Garoña awaits a new decision

06 January 2012

Spain's new government will ask nuclear regulators for advice on the continued operation of the Garoña nuclear power plant, which was dealt an arbitrarily short operating licence by the previous administration.



Garoña (Nuclenor)

Yesterday the Spanish cabinet revoked an order from 2009 that set July 2013 as the latest time that Garoña may be used for power generation. The next step is for the Nuclear Safety Council (Consejo de Seguridad Nuclear, CSN) to consider the technical possibilities for longer operation and what technical improvements it may require. The Spanish government is expected to order this work imminently.



It was in 2009 that Garoña's last operating licence expired, and at that time the CSN's report to government said there were no barriers to operation up to 2019, although it did specify certain upgrades it wanted to see made during refuelling outages scheduled for 2011 and 2013.

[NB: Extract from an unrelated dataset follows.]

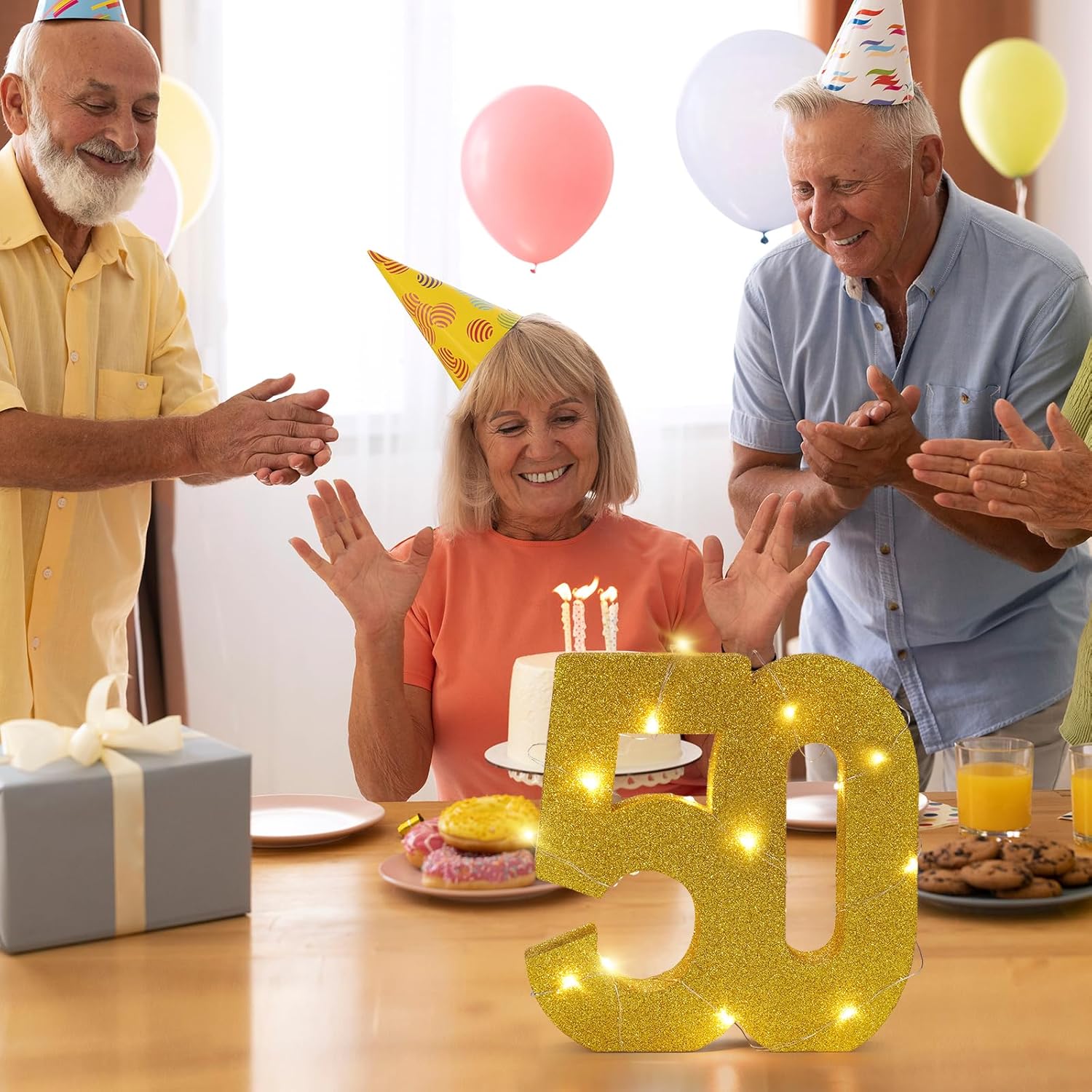50th Birthday Decorations Women and Men,Gold Glitter Numbers for 50th Wedding Anniversary Decorations,Light Up Numbers 50 Sign for Party Decor,50 Years Birthday Centerpieces Table Decoration - Image 6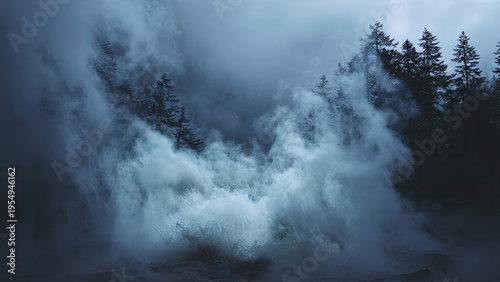 Dense white coffee steam rising dramatically through dark coniferous forest silhouettes in a moody atmospheric landscape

Under Spanish law, decisions on nuclear operation are taken by the Ministry of Industry, Tourism and Trade. Currently holding this portfolio within government is Jose Manuel Soria, part of the People's Party that took power in November. In a recent radio interview he said, "The People's Party doesn't want to underutilize any sources of energy, especially nuclear because there are eight nuclear reactors, which according to the CSN could still continue providing energy for a determined amount of time."


Nuclenor, the owner and operator of the Garoña plant, welcomed the moves by government, saying it would "ensure the technical criteria of the CSN are the ones that determine the future of the facility." It noted that the CSN was the "only body competent in this matter."


The CSN said it would consider a new licensing request for Garona, should the order come from government, taking into account the improvements set out as a result of the stress test exercise led by the European Commission.


Garoña is a 446 MWe boiling water reactor that was constructed in the late 1960s.